# What needs to be done:
Within the listing below, the lines to output run from the one containing "It kind of takes" through the one containing "Then if you"; copy them exactly and nothing else.

# Study material:
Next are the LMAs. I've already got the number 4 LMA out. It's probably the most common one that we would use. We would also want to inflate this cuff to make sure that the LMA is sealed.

--

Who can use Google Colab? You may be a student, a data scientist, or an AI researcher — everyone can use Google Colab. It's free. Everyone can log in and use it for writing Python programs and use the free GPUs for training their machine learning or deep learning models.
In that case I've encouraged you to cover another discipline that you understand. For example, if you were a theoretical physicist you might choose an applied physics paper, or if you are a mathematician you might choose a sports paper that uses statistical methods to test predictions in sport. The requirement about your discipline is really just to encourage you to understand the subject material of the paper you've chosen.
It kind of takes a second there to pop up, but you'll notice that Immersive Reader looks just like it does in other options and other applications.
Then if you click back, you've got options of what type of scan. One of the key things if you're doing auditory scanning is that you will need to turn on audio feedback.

---

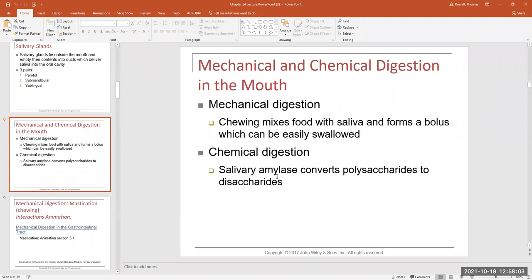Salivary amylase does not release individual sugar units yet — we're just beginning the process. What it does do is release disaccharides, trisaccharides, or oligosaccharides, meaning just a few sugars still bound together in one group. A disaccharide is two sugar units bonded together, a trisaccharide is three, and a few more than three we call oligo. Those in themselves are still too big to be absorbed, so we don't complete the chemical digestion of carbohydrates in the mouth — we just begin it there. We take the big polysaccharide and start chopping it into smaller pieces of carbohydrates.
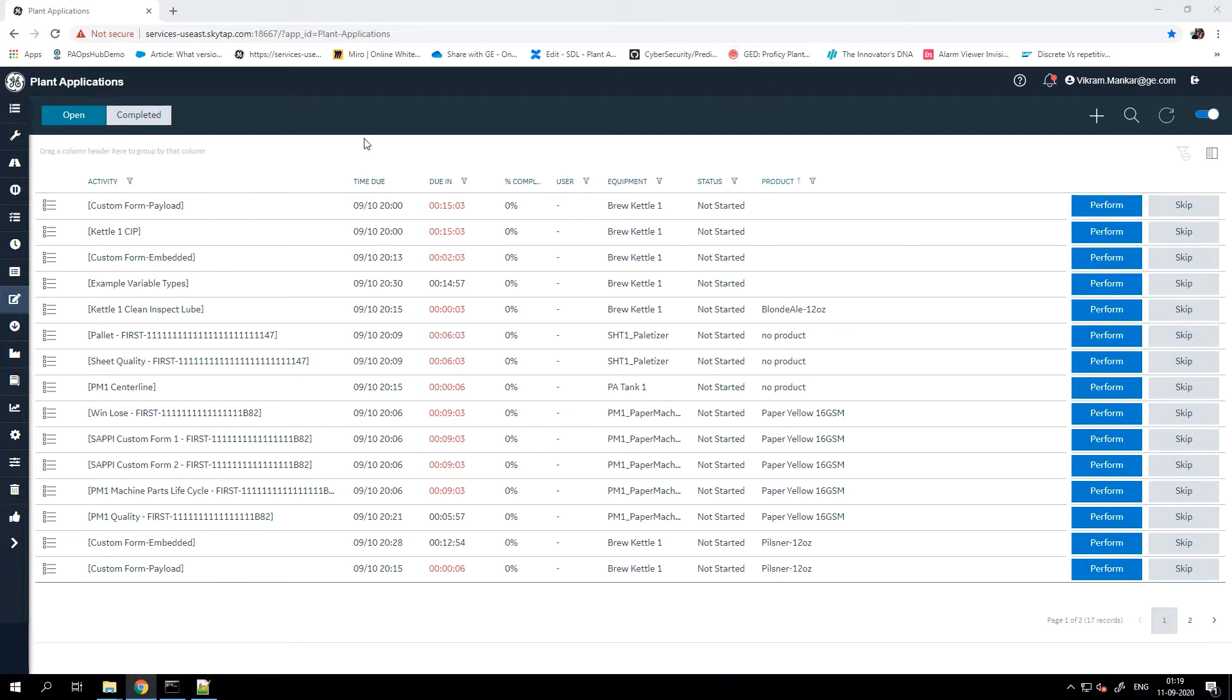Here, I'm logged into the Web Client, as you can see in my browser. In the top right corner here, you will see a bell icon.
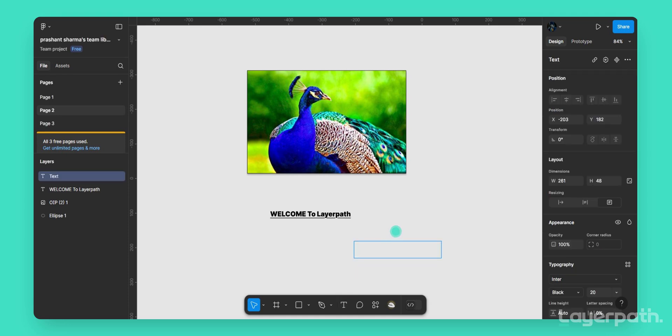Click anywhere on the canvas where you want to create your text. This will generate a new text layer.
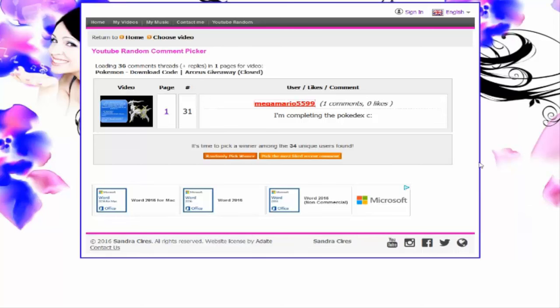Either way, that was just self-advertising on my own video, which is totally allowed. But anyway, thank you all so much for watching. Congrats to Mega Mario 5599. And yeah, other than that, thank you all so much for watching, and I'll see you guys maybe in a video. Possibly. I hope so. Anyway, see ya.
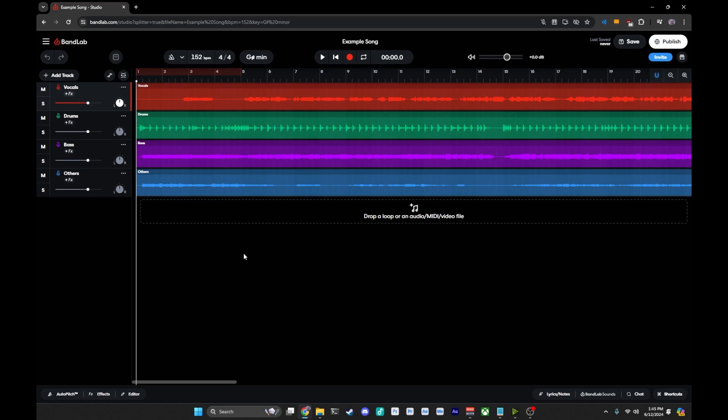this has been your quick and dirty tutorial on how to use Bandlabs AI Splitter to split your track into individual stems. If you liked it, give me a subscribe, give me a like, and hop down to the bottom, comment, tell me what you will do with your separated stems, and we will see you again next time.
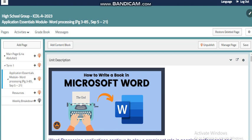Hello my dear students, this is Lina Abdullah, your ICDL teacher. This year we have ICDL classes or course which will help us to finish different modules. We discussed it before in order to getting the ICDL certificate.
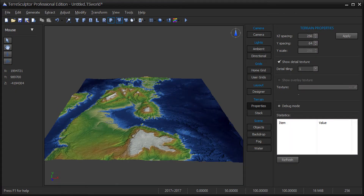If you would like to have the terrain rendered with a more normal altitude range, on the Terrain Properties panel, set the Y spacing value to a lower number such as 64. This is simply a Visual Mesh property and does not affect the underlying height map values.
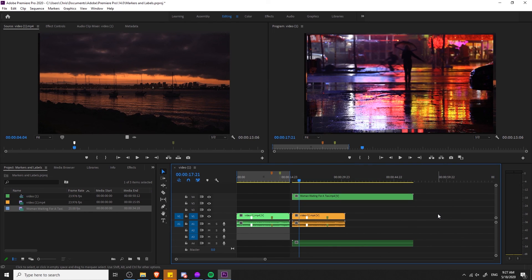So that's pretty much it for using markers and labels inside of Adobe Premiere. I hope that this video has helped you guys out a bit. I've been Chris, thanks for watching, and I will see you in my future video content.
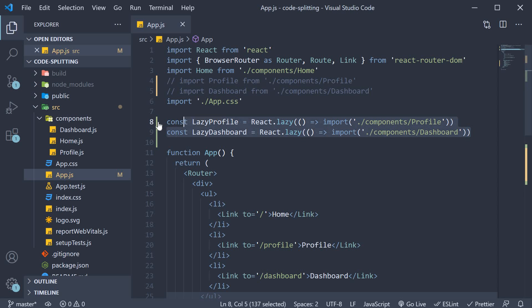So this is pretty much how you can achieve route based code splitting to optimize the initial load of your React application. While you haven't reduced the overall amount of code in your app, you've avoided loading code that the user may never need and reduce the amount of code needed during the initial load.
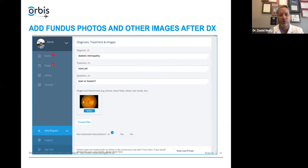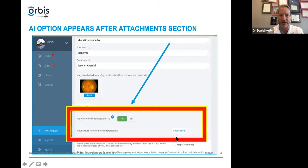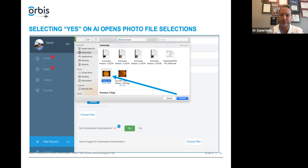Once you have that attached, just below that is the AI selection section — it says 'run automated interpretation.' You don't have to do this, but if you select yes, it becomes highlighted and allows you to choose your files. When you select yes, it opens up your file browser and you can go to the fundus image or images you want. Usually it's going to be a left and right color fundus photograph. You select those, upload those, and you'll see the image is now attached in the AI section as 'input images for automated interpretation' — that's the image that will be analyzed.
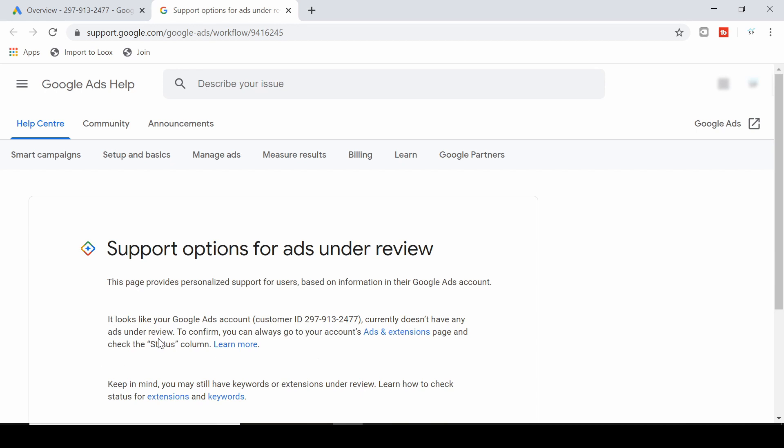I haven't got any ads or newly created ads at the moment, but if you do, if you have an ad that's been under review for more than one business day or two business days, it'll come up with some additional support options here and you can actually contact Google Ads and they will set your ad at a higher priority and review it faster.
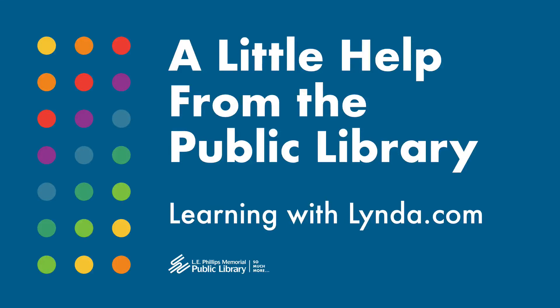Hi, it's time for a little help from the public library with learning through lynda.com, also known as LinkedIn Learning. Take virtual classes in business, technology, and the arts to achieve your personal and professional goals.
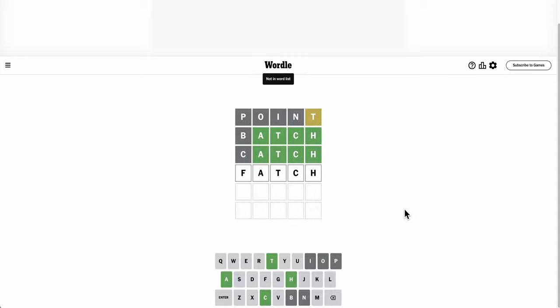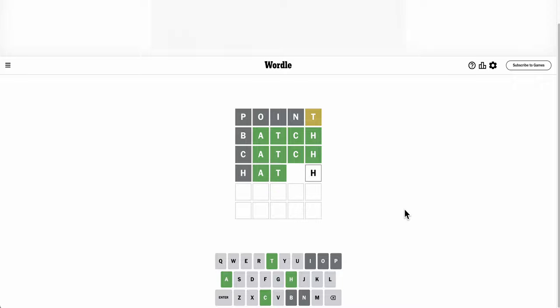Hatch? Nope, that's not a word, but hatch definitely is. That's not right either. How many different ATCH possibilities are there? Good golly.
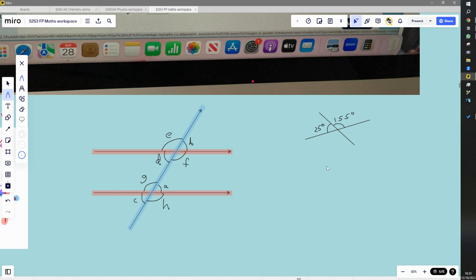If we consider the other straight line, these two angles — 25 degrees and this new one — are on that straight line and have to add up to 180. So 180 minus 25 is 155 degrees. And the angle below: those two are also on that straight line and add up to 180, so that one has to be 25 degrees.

# Response to this exercise:
It kind of takes a second there to pop up, but you'll notice that Immersive Reader looks just like it does in other options and other applications.
Then if you click back, you've got options of what type of scan. One of the key things if you're doing auditory scanning is that you will need to turn on audio feedback.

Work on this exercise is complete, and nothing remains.